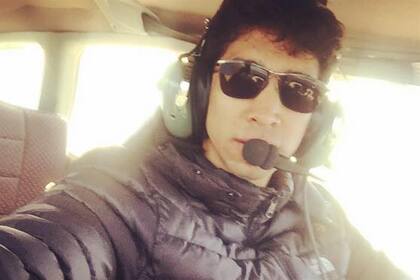 Lenard Ibáñez en una de las avionetas que piloteaba
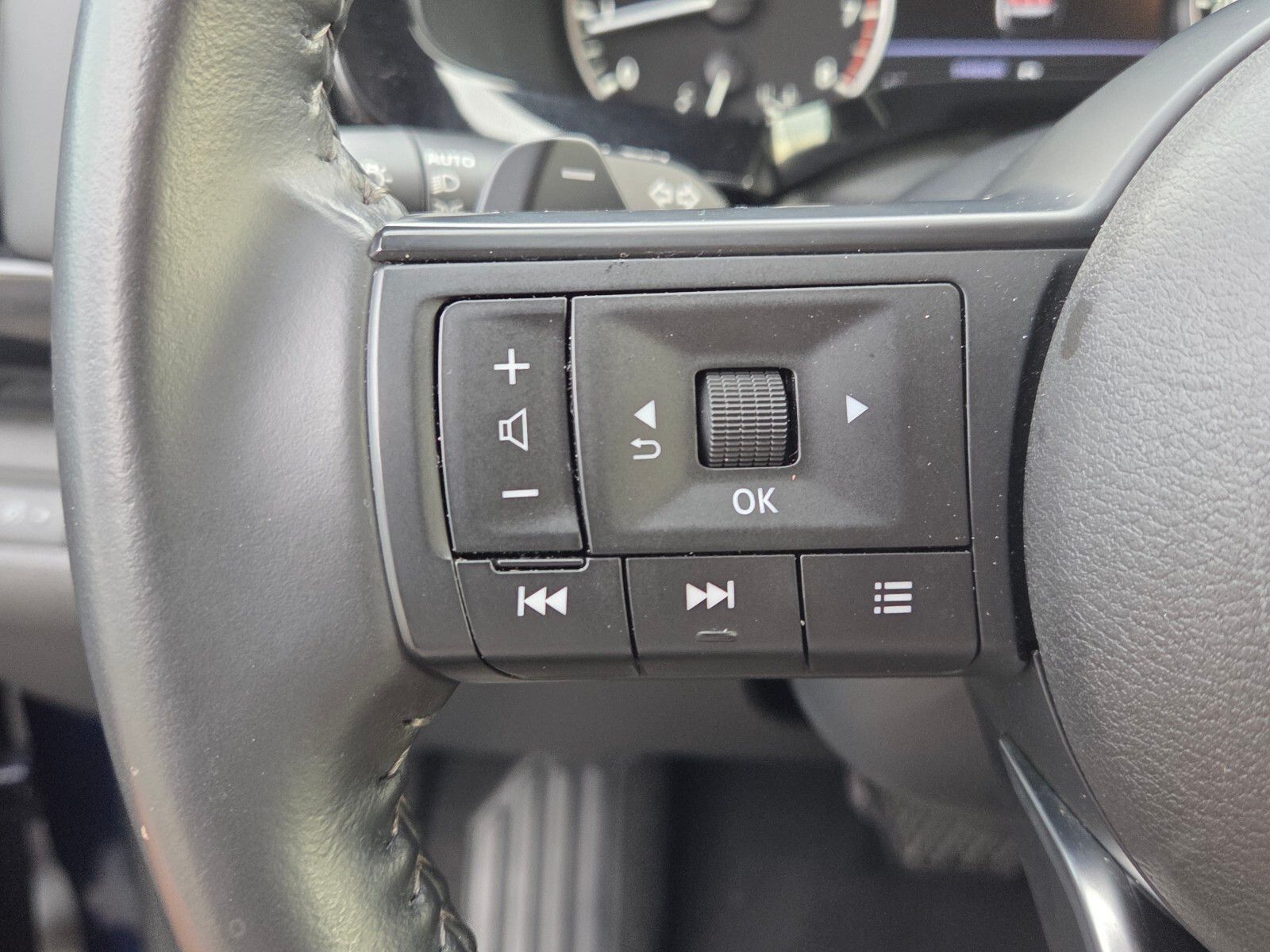Used 2025 Blue Nissan SV image 24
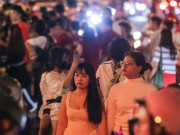 Clip Eva - Đổ xô ra trung tâm TPHCM chiêm ngưỡng Nhà thờ Đức Bà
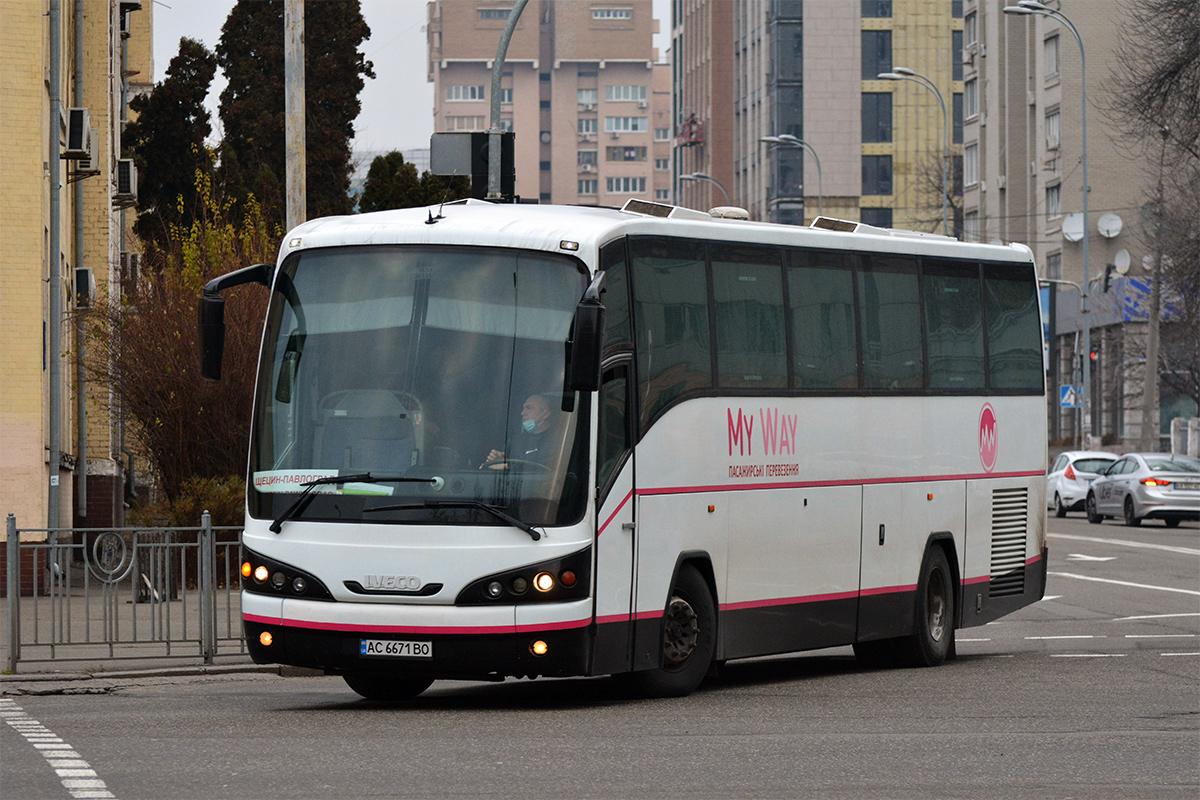 Волынская область, Andecar Viana S № AC 6671 BO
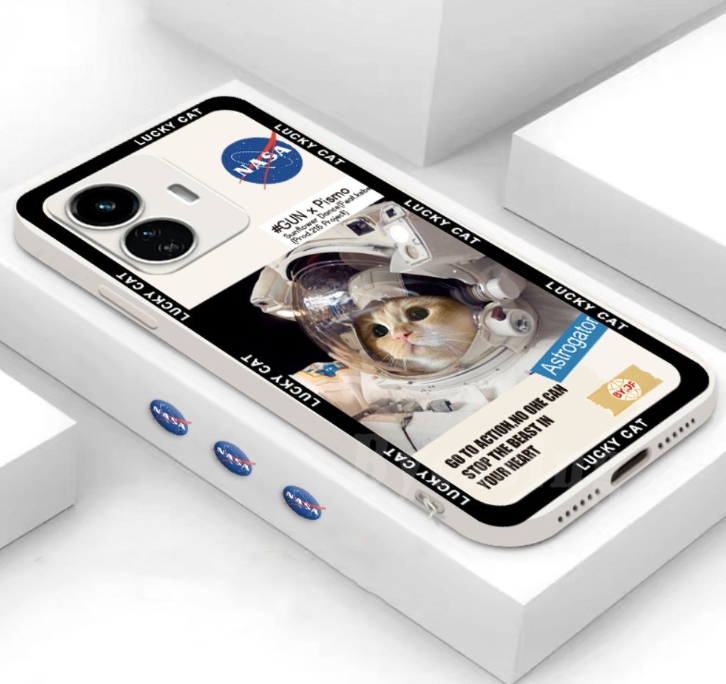 Чехол для iPhone 15 Plus Astronaut Cat NASA Прозрачный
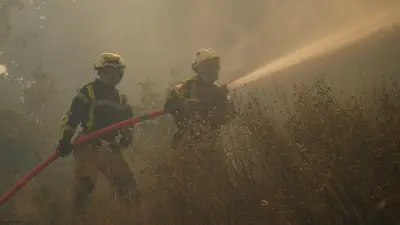 Camion en feu sur l'A9 à Rochefort-du-Gard : incendie violent en cours
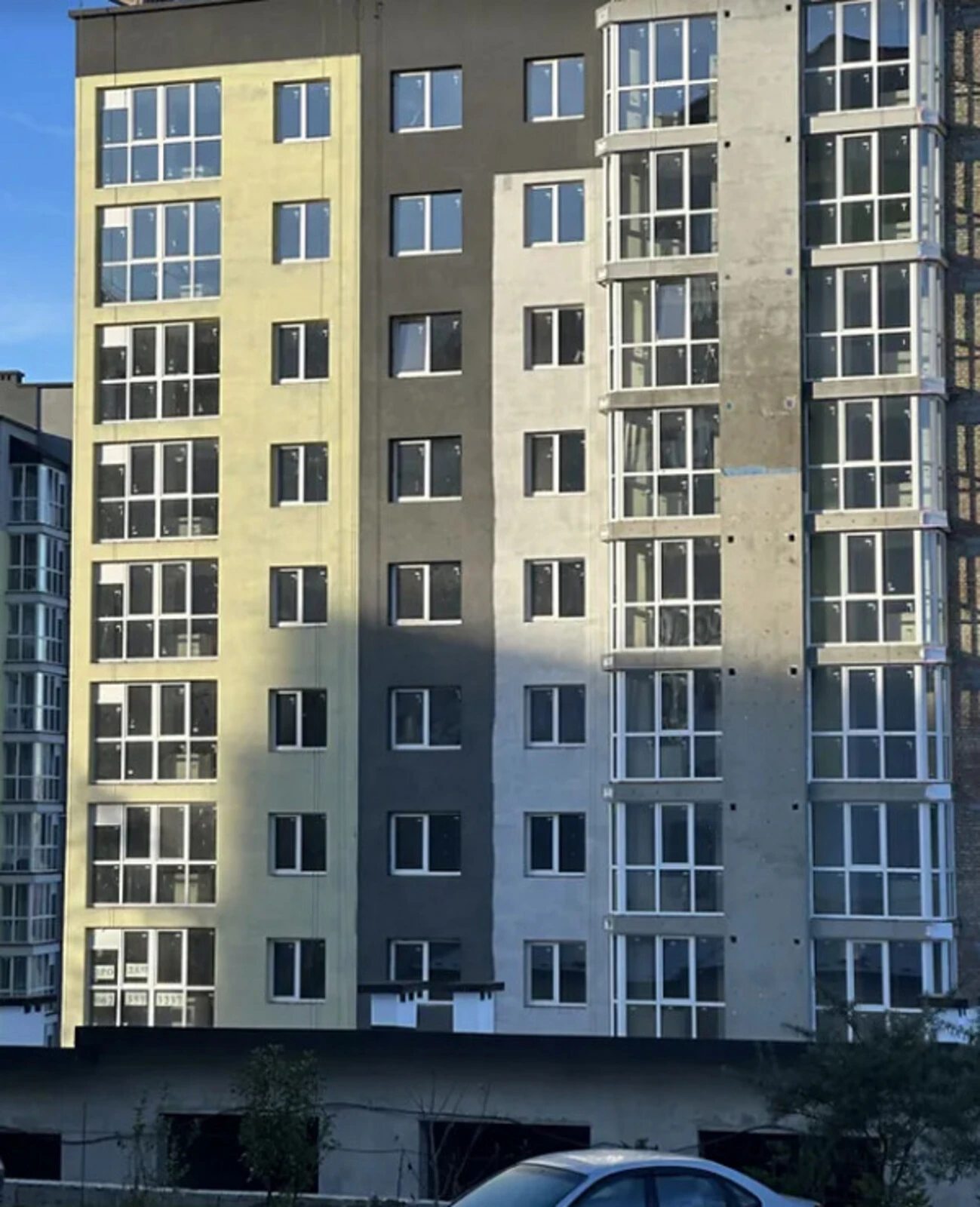 Apartments for sale. 1 room, 42 m², 9th floor/10 floors. Volodymyra Velykoho vul., Ternopil. 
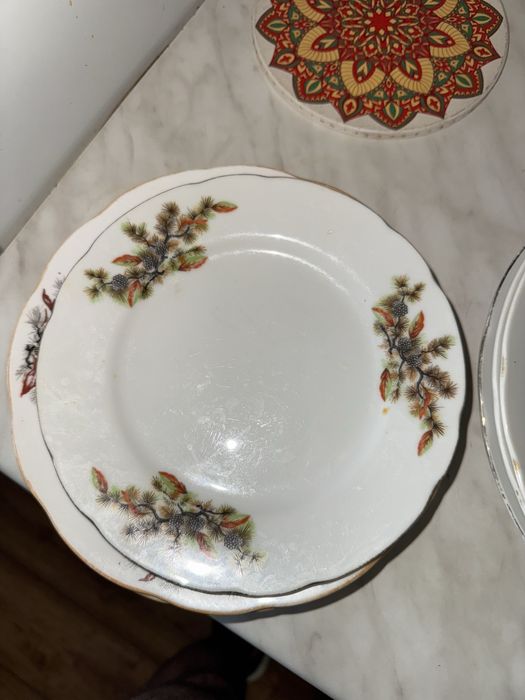 Продам сервиз(10 тарелок)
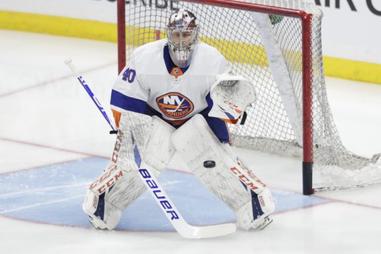Semyon Varlamov, Islanders blank Blackhawks
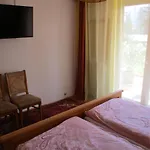 Gaestehaus Leo לינה וארוחת בוקר בודנסדורף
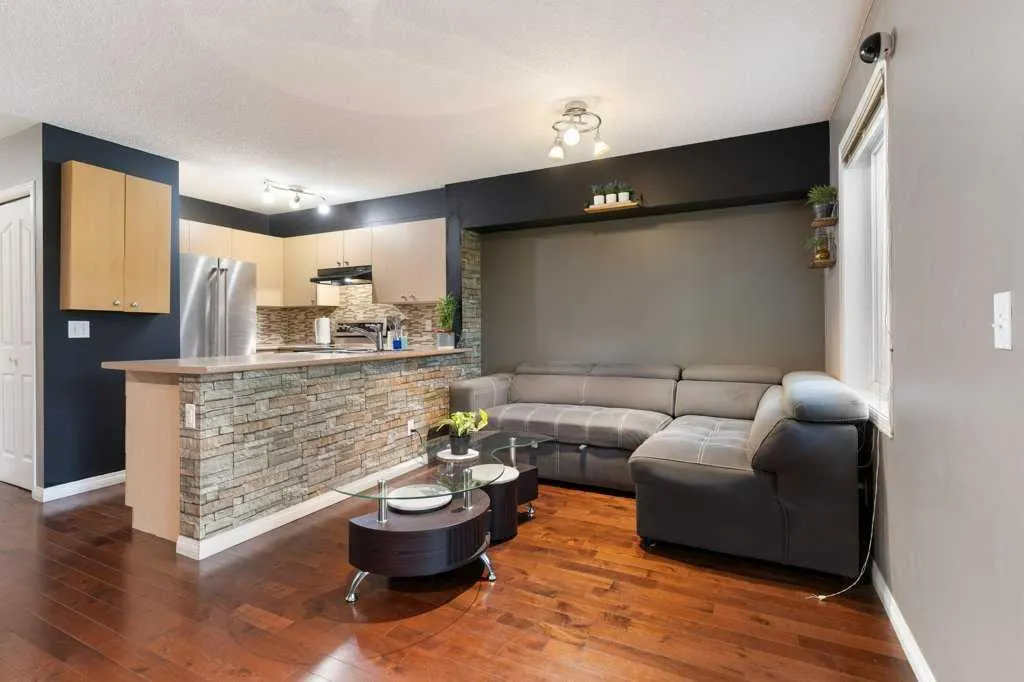 78 Citadel Meadow Gardens NW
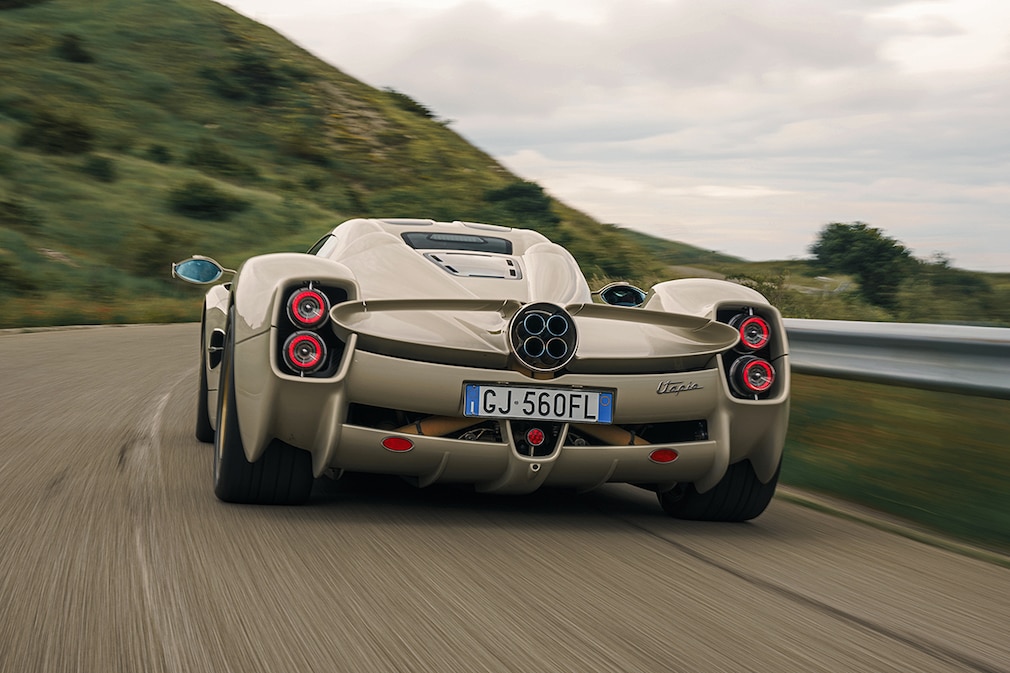 Pagani Utopia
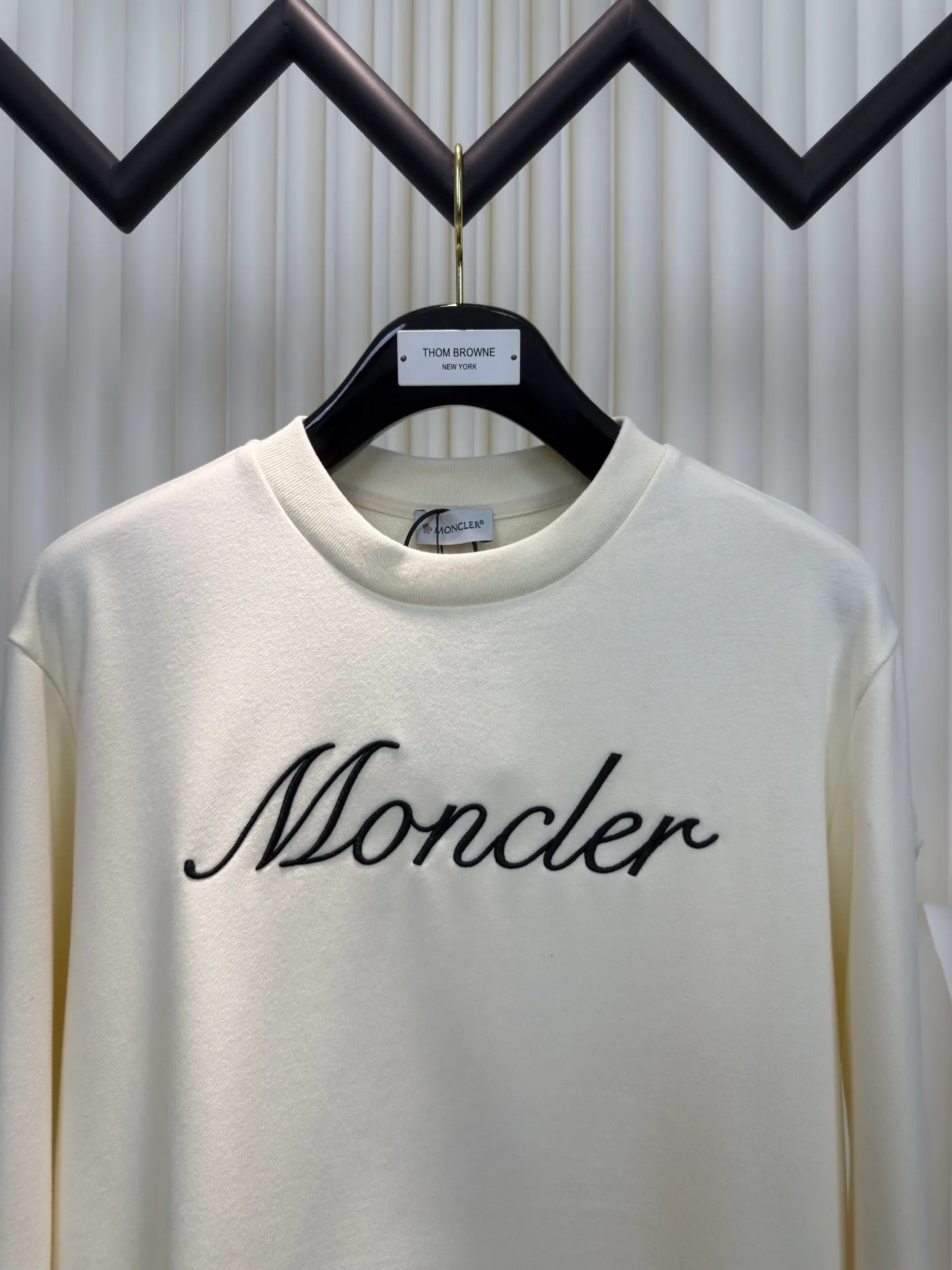 P370 Mouthless MONCLER Mouthless Embroidered Armband Sweatshirt is made of 380g brushed sweatshirt terry, and the fabric is brushed to make the surface feel softer and smoother. The thread is matched with 1*1 double yarn thread.  The embroidery uses 3D multi-dimensional embroidery, embellished with connected brand embroidered letters. The armband is made of sheepskin composite embroidery technology.  Made from soft cotton fleece, this sweatshirt is suitable for all seasons. Round neck design, embellished with logo embroidery, inspired by college baseball uniforms. Made of cotton fleece Crew neck Logo embossed and embroidered Sizes S M L XL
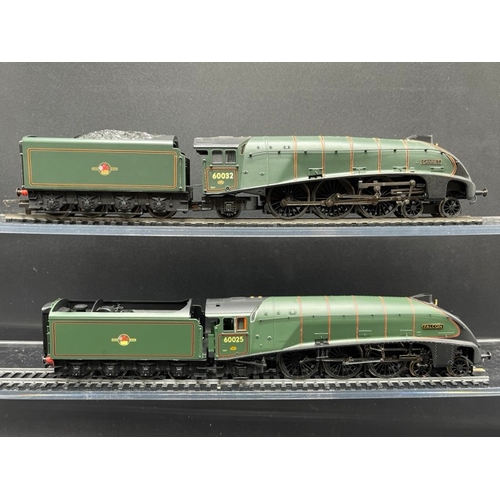 102 - Two Hornby OO gauge Steam Locomotives, both Tested Runners
(1000g)
Hornby Class A4 4-6-2 60032 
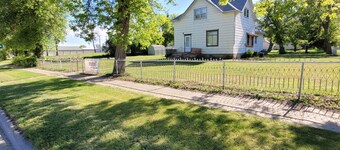 Main Street Home-Locally Owned-No Cleaning Fees-Pets Allowed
□ □ □
→ **PROBLEM**: Text only, no pictures: please print exactly the lines above from the line with "Used 2025 Blue Nissan SV image 24" up to and including the line with "Pagani Utopia", and nothing else.

→ **PROBLEM SOLUTION**:
Used 2025 Blue Nissan SV image 24
 Clip Eva - Đổ xô ra trung tâm TPHCM chiêm ngưỡng Nhà thờ Đức Bà
 Волынская область, Andecar Viana S № AC 6671 BO
 Чехол для iPhone 15 Plus Astronaut Cat NASA Прозрачный
 Camion en feu sur l'A9 à Rochefort-du-Gard : incendie violent en cours
 Apartments for sale. 1 room, 42 m², 9th floor/10 floors. Volodymyra Velykoho vul., Ternopil. 
 Продам сервиз(10 тарелок)
Semyon Varlamov, Islanders blank Blackhawks
 Gaestehaus Leo לינה וארוחת בוקר בודנסדורף
 78 Citadel Meadow Gardens NW
 Pagani Utopia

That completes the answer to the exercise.